- Born: 1966 (age 59–60) Wellington, New Zealand
- Education: Elam School of Fine Arts
- Known for: Painting
- Partner: Andrew McLeod

= Liz Maw =

New Zealand artist (born 1966)

Liz Maw (born 1966) is an artist from New Zealand.

== Background ==
Maw was born in 1966 in Wellington, New Zealand. She graduated from the Elam School of Fine Arts in 2002. She lives with her partner, fellow painter Andrew McLeod in Mount Eden.

== Career ==
Maw is primarily a painter, working in oils.
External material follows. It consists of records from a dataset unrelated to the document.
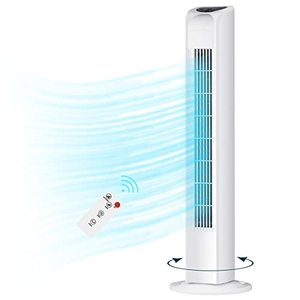 lot 44372 image: Uthfy Oscillating Tower Fan with Remote, Quiet Cooling Portable Bladeless Tower Fans,Electric Standing Floor Fan with 3 Wind Speeds 3 Modes for Bedroom,Indoor,Office and Home Use,30 White Tower Fan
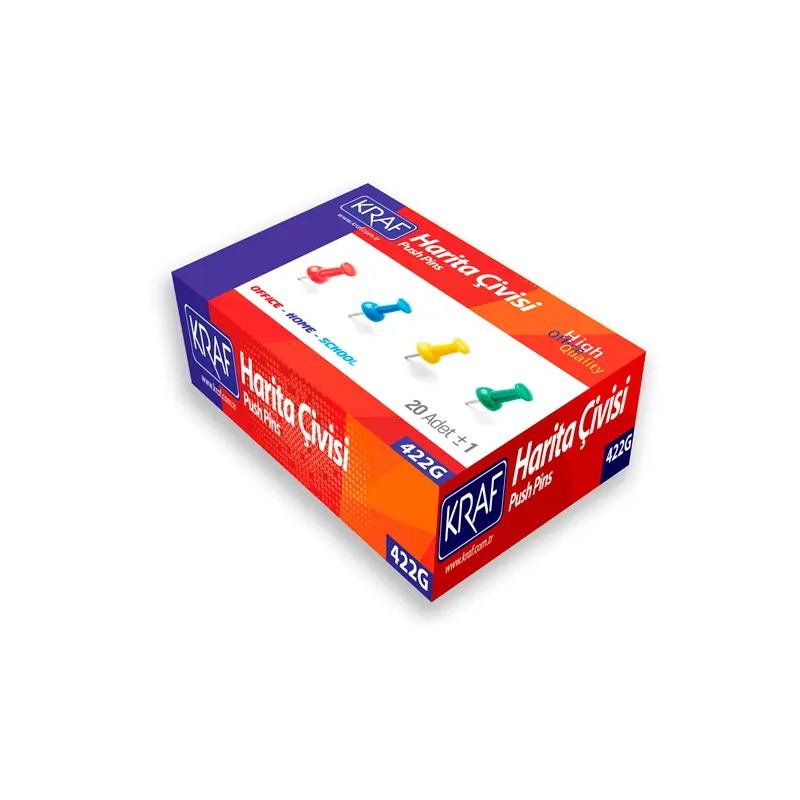Kraf 422G Renkli Harita Çivisi 20 Li Kutu x 24 Lü Paket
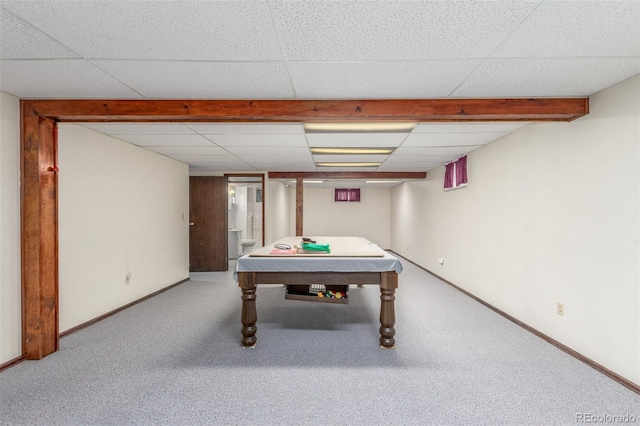 16699 E 7th Ave, Aurora, CO 80011 - game room featuring pool table, a paneled ceiling, and carpet floors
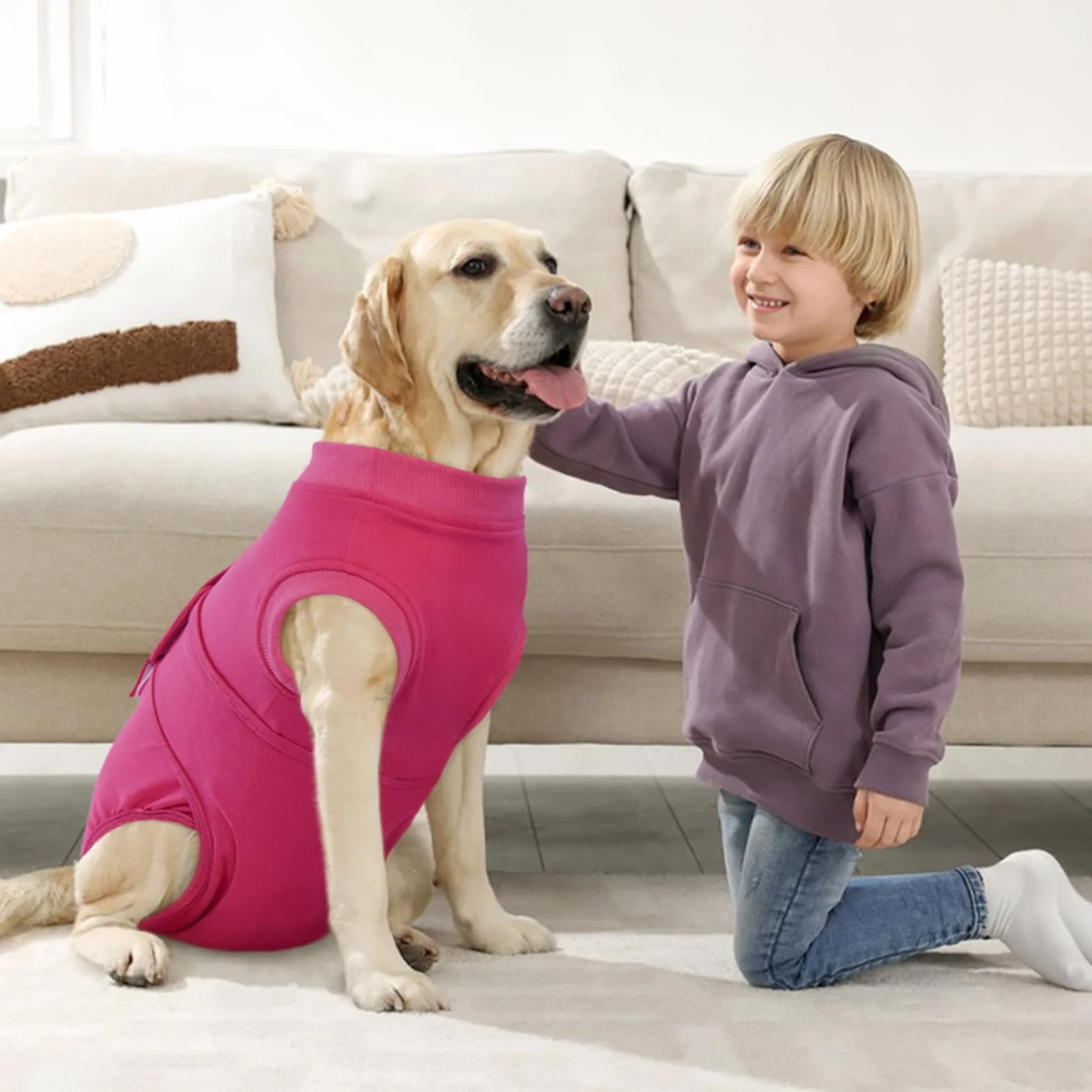 Kuoser Combinaison de récupération XXL pour chien après chirurgie - Gilet post-opératoire réglable rose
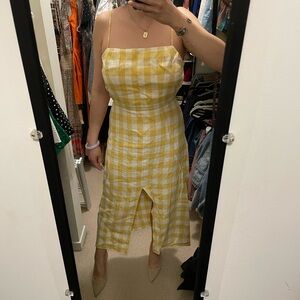 Reformation Nia Linen Tie Back Dress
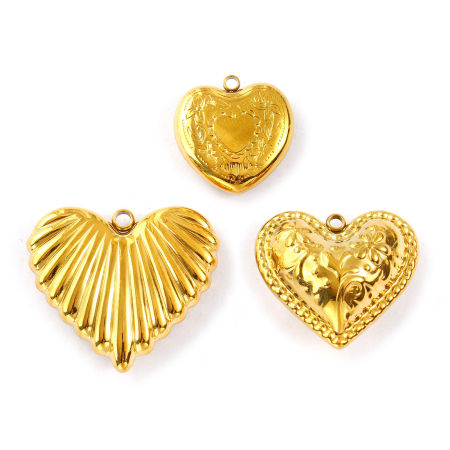 1 ШТ Экологичное вакуумное PVD-покрытие 304 Нержавеющая Сталь День святого Валентина Подвески 18K настоящее золото с покрытием Сердце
Drawing on her Catholic background, Maw's work melds religious iconography and contemporary issues. She also references European old masters but takes celebrities and modern characters as her subjects, including notable portraits of Francis Upritchard, David Attenborough, and Michael Jackson. Her fantasy figures often depict women and explore the idea of the femme fatale.

Selected exhibitions by Maw include:
- evil genius miscellaneous, 2010 Peter McLeavey Gallery (Wellington)
- What I Did Last Summer, 2011, group show at Peter Mcleavey Gallery (Wellington)
- For Oscar, 2011, group show at Peter Mcleavey Gallery (Wellington)
- New Paintings, 2011, Ivan Anthony Gallery (Auckland)
- The Montgomery Twins Dead End and Avercamp Machine Man Winter Scene, 2012, Peter McLeavey Gallery (Wellington)
- Pandora rides the noon day demon and I feel sorry for you, no, I really do, 2013, Ivan Anthony Gallery (Auckland)
- A Different View: Artists address pornography, 2013, Gus Fisher Gallery, University of Auckland, group exhibition
- summer field, Mary, Jacinda, and an English Artist from a magazine, 2014, Robert Heald Gallery (Wellington)
- Voicing the Visible: feminist art from the University Collection, 2014, Gus Fisher Gallery, University of Auckland, group exhibition
- Sam and Dani, Debi’s secret and The Future is Not what it used to be, 2016, Robert Heald Gallery (Wellington)
Maw is represented in Auckland by the Ivan Anthony Gallery and in Wellington by the Peter McLeavey Gallery.

Works by Maw are held in several public collections, including at the Auckland Art Gallery Toi o Tāmaki, Chartwell Collection, James Wallace Arts Trust, Museum of New Zealand Te Papa Tongarewa, and the University of Auckland.